# WHAT YOU NEED TO DO:
Pictures stay out; everything else in the records below is copied exactly.

[LISTED RECORDS — start]

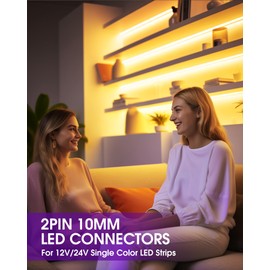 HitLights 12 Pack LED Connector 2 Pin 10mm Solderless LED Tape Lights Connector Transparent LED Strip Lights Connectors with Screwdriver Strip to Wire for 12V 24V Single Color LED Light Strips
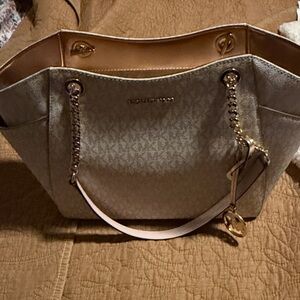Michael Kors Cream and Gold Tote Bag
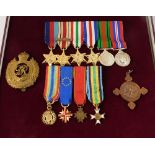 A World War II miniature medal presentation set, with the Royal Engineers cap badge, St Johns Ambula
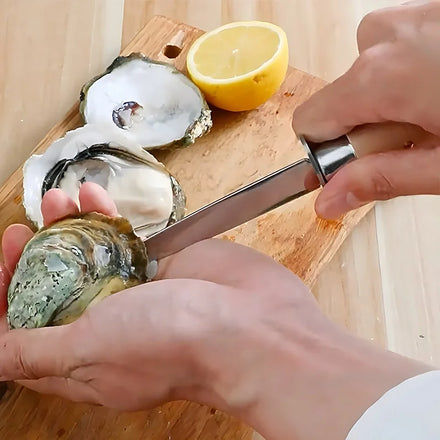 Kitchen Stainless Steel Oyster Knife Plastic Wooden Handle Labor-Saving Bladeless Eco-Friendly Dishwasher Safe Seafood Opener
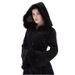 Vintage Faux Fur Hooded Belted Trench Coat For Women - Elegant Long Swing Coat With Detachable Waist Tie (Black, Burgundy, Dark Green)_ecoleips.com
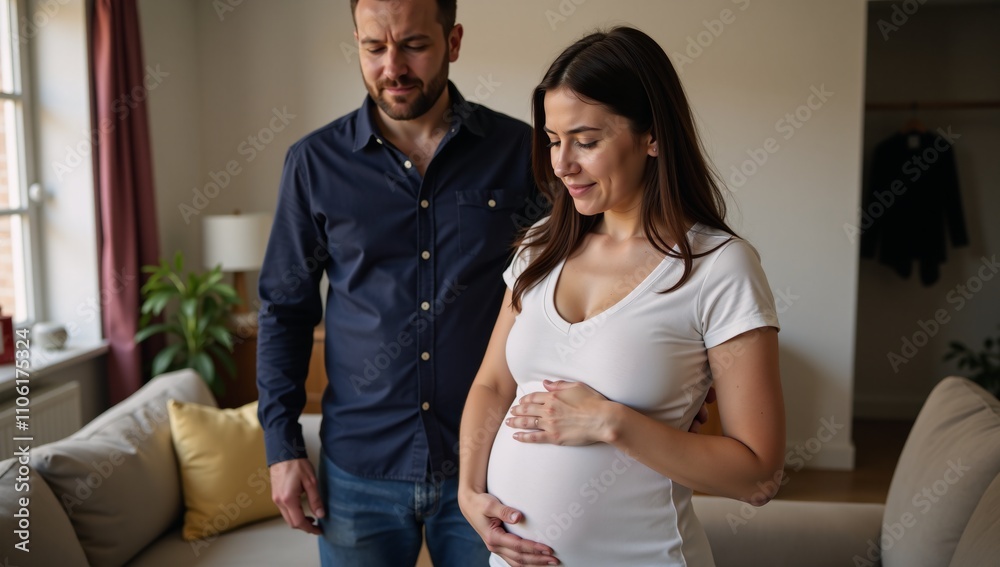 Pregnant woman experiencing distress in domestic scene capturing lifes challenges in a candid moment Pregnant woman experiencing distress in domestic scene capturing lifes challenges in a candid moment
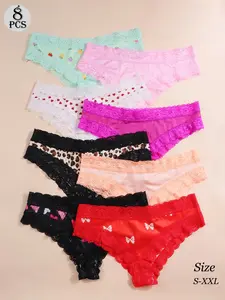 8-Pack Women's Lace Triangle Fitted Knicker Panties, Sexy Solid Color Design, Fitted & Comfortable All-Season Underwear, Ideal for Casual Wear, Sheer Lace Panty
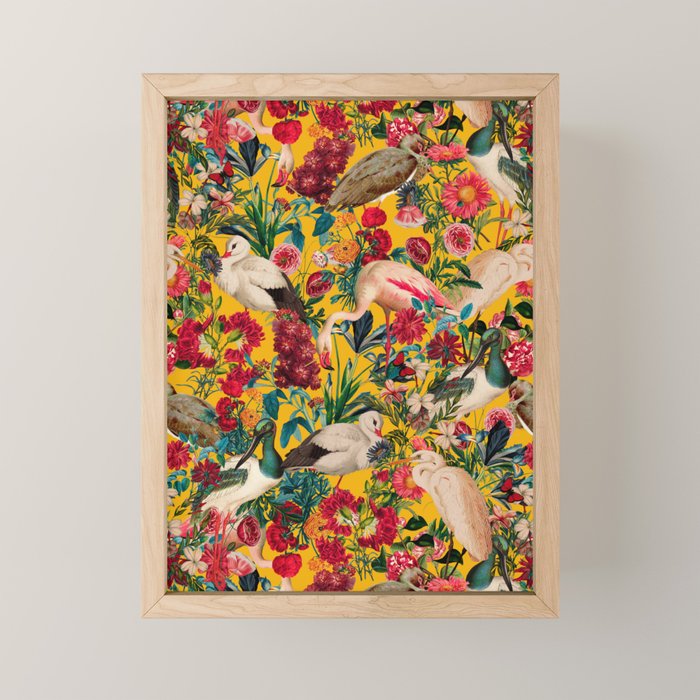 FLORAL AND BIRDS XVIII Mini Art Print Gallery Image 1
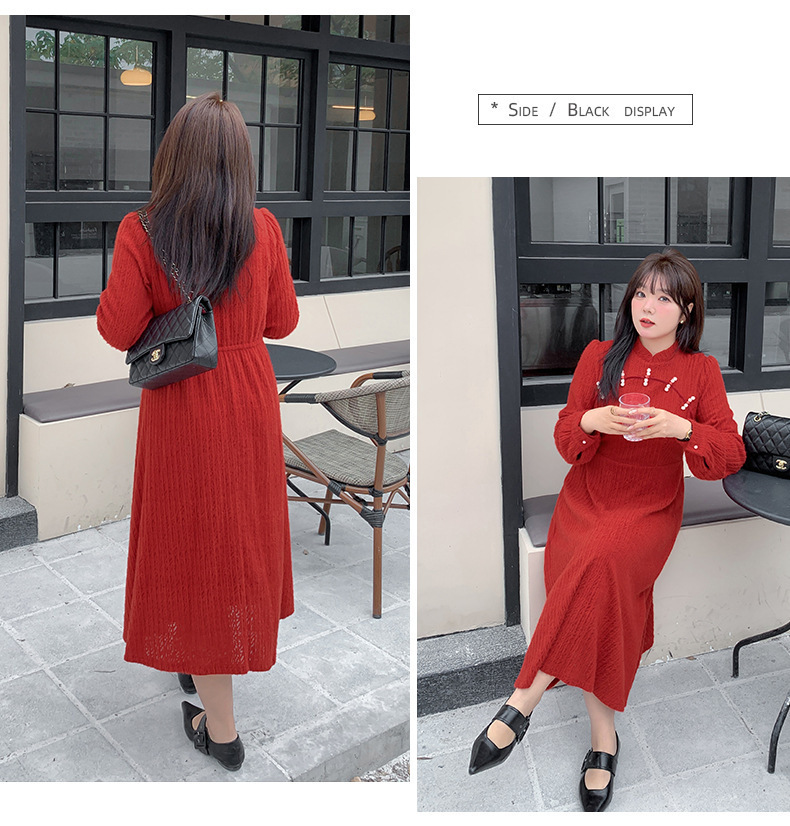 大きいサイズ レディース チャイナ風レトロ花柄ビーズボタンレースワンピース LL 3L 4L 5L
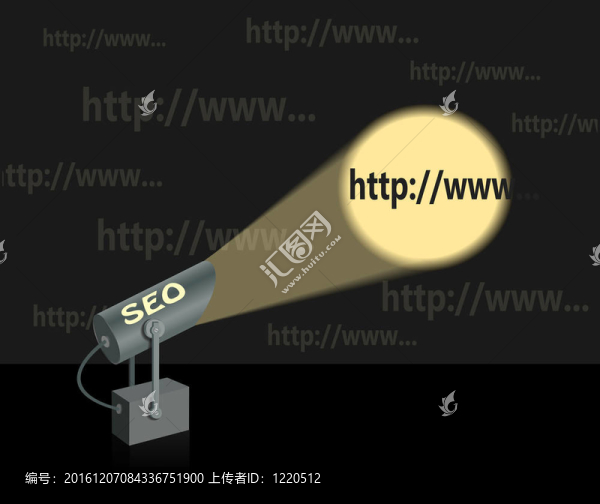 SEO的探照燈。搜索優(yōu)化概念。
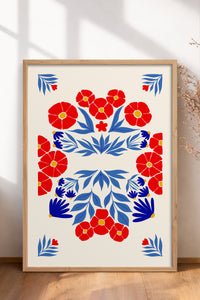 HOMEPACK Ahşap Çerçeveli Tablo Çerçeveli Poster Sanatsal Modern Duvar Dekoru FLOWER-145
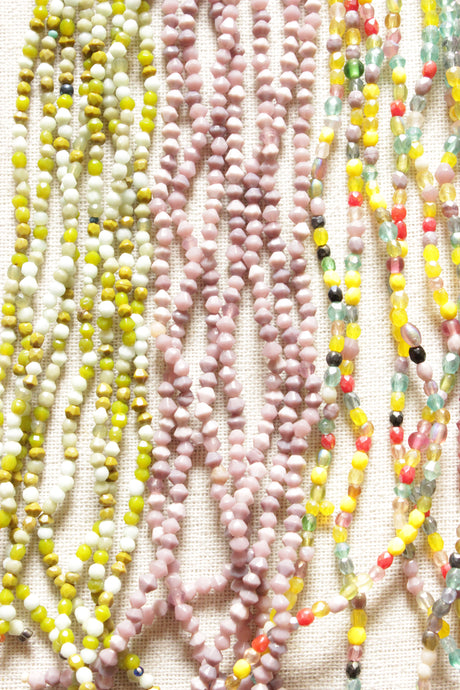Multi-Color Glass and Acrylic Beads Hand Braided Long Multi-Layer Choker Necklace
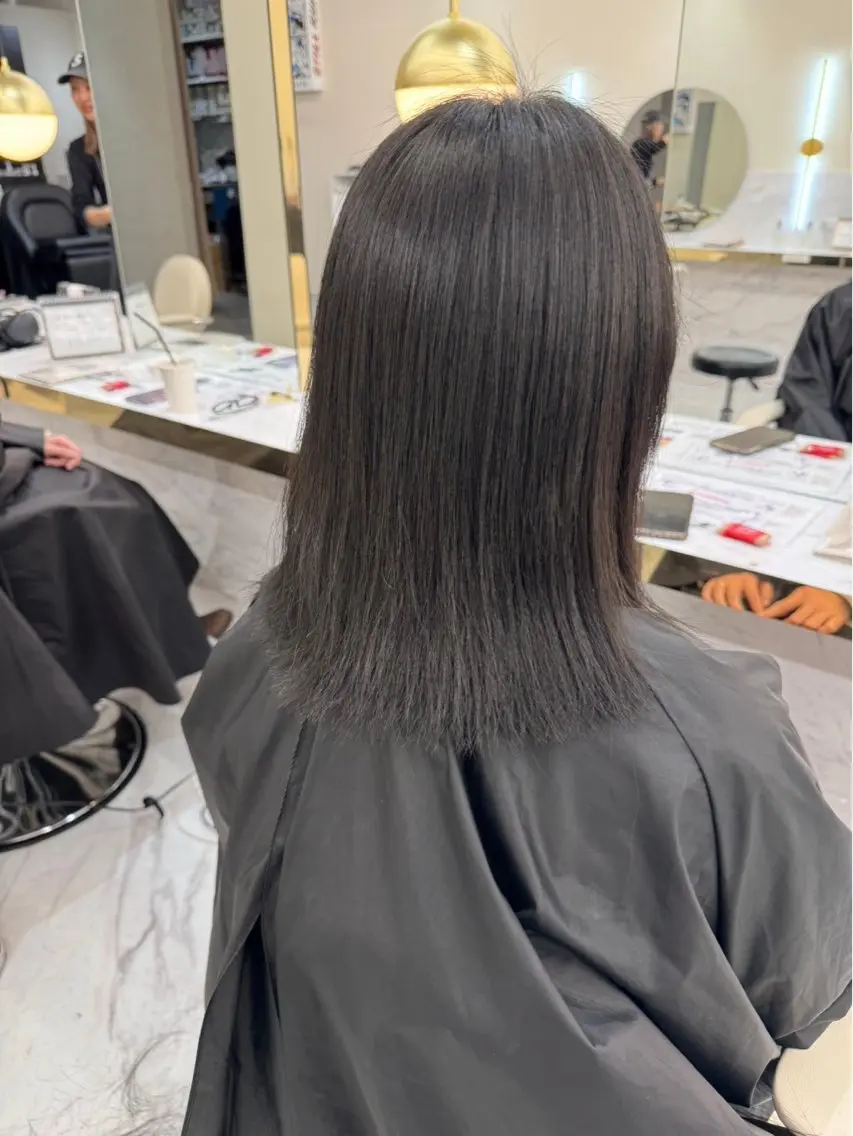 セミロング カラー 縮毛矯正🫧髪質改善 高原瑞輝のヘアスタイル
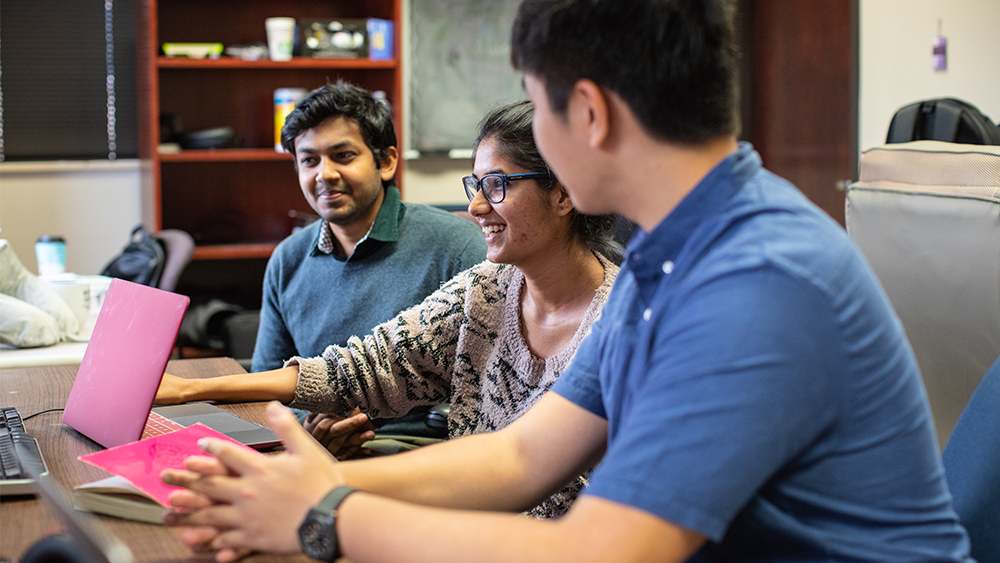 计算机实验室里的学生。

[LISTED RECORDS — finish]

# EXERCISE RESPONSE:
 HitLights 12 Pack LED Connector 2 Pin 10mm Solderless LED Tape Lights Connector Transparent LED Strip Lights Connectors with Screwdriver Strip to Wire for 12V 24V Single Color LED Light Strips
Michael Kors Cream and Gold Tote Bag
 A World War II miniature medal presentation set, with the Royal Engineers cap badge, St Johns Ambula
 Kitchen Stainless Steel Oyster Knife Plastic Wooden Handle Labor-Saving Bladeless Eco-Friendly Dishwasher Safe Seafood Opener
 Vintage Faux Fur Hooded Belted Trench Coat For Women - Elegant Long Swing Coat With Detachable Waist Tie (Black, Burgundy, Dark Green)_ecoleips.com
 Pregnant woman experiencing distress in domestic scene capturing lifes challenges in a candid moment Pregnant woman experiencing distress in domestic scene capturing lifes challenges in a candid moment
 8-Pack Women's Lace Triangle Fitted Knicker Panties, Sexy Solid Color Design, Fitted & Comfortable All-Season Underwear, Ideal for Casual Wear, Sheer Lace Panty
 FLORAL AND BIRDS XVIII Mini Art Print Gallery Image 1
 大きいサイズ レディース チャイナ風レトロ花柄ビーズボタンレースワンピース LL 3L 4L 5L
 SEO的探照燈。搜索優(yōu)化概念。
 HOMEPACK Ahşap Çerçeveli Tablo Çerçeveli Poster Sanatsal Modern Duvar Dekoru FLOWER-145
Multi-Color Glass and Acrylic Beads Hand Braided Long Multi-Layer Choker Necklace
 セミロング カラー 縮毛矯正🫧髪質改善 高原瑞輝のヘアスタイル
 计算机实验室里的学生。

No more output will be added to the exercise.